Collections Documenting Black Life in the Bull City

Personal Papers

  • Leslie Brown papers, 1936-2010 - There is also extensive information regarding her professional interest in African-American history and the preparation of oral histories, especially those related to the Behind the Veil project at Duke University's Center for Documentary Studies. Her first book, Upbuilding Black Durham: Gender, Class, and Black Community Development in the Jim Crow South, won the Organization of American Historians' Frederick Jackson Turner Award. 
  • Helen G. Edmonds papers, 1951-1994 - African-American educator and historian; professor of history at N.C. Central University, Durham, N.C. Collection contains primarily correspondence and printed materials, including speeches, clippings, and photocopies. 
  • Miles Mark Fisher funeral order of service, 1970 December, 18 - Miles Mark Fisher was born on October 29, 1899 in Atlanta, Georgia. He was an African American, a historian, an author, as well as a minister at White Rock Baptist Church in Durham, N.C. 
  • John Hope Franklin papers, 1891-2010 - Dr. John Hope Franklin was a renowned scholar of the African American experience in the American South. From 1943-1947, Franklin and his wife Aurelia were residents of Durham, where he was professor at North Carolina College (now North Carolina Central University) when he wrote his  work, From Slavery to Freedom: The Negro in the Americas (1947). Aurelia also worked as a librarian at the North Carolina College law library during that time. They returned to Durham in 1979 and John Hope Franklin was appointed as the James B. Duke professor of History at Duke University in 1980. Both were involved in community and civic organizations throughout their lives in Durham.
  • Rencher Nicholas Harris papers, 1851-1980 (digitized content) - African American civic leader during the period following the Brown decision of 1954 and the Civil Rights Movement. Harris was the first African American city councilman in Durham, N.C., and the first black man to sit on the Durham County Board of Education.
  • Charles N. Hunter papers, 1850s-1932 (digitized content) - Black educator, journalist, and reformer from Raleigh, North Carolina. he material discusses and illuminates the problems experienced by emancipated blacks during Reconstruction and into the early 20th century, encompassing agriculture, business, race relations, reconstruction, education, politics, voting rights, and economic improvement for African Americans. Other topics include Durham and Raleigh, N.C. history.
  • Eric Daniel Moore papers, 1946-1963 - Collection contains a draft entitled "North Carolina Library Legislation," apparently written by D.E. Moore, dean of the School of Library Science, North Carolina College at Durham in the 1950s. Includes miscellaneous notes and forms concerning the status of African-Americans in Durham.

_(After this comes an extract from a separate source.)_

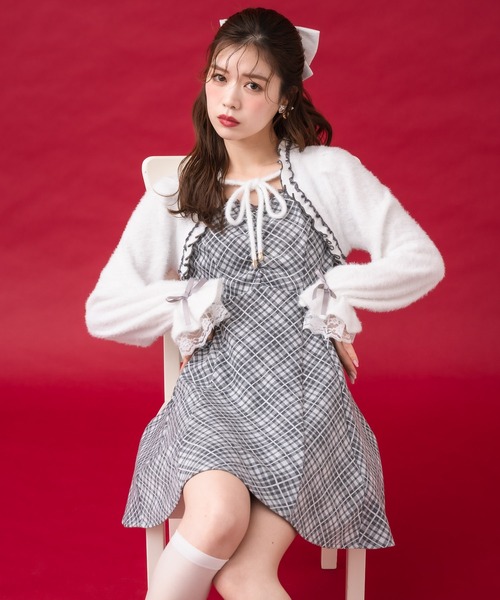 couture BY ROJITA（クチュールバイロジータ）の「【ミニ丈・ロング丈あり】シャギーボレロドッキングワンピース（ワンピース・レディース・ピンク/グレー/ブラック・FREE/MEDIUM）」の18枚目の写真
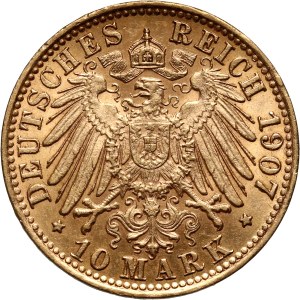 Germany, Bremen, 10 Mark 1907 J, Hamburg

  • Gwendolyn M. Parker, 1967-1998 - Gwendolyn M. Parker is an author and memoirist whose work has chronicled the experience of the black middle class in America. She was born in Durham and lived in the Hay-Ti section of Durham until 1960 when she moved with her family to Mount Vernon, New York. 
  • William Gaston Pearson scrapbook, 1913-1976 - Scrapbook of clippings and printed material which reflect the career and business accomplishments and life of William Pearson, 
  • Fannie B. Rosser papers, 1860s-1973 - Correspondence, legal and financial papers, printed materials, and photographs document the personal relationships and professional activities of Rosser, a successful single African American businesswoman.
  • Clydie F. Scarborough papers, 1918-1984 - The collection documents, in part, the work of Mrs. Scarborough to provide effective and healthy daycare for African-American children in Durham, N.C.
  • Asa and Elna Spaulding papers 1934-1984 (digitized content) - The Asa and Elna Spaulding Papers, 1909-1997 and undated, bulk 1935-1983, document an African American family's lifelong involvement in the business, political, educational, religious, and social life of Durham, N.C.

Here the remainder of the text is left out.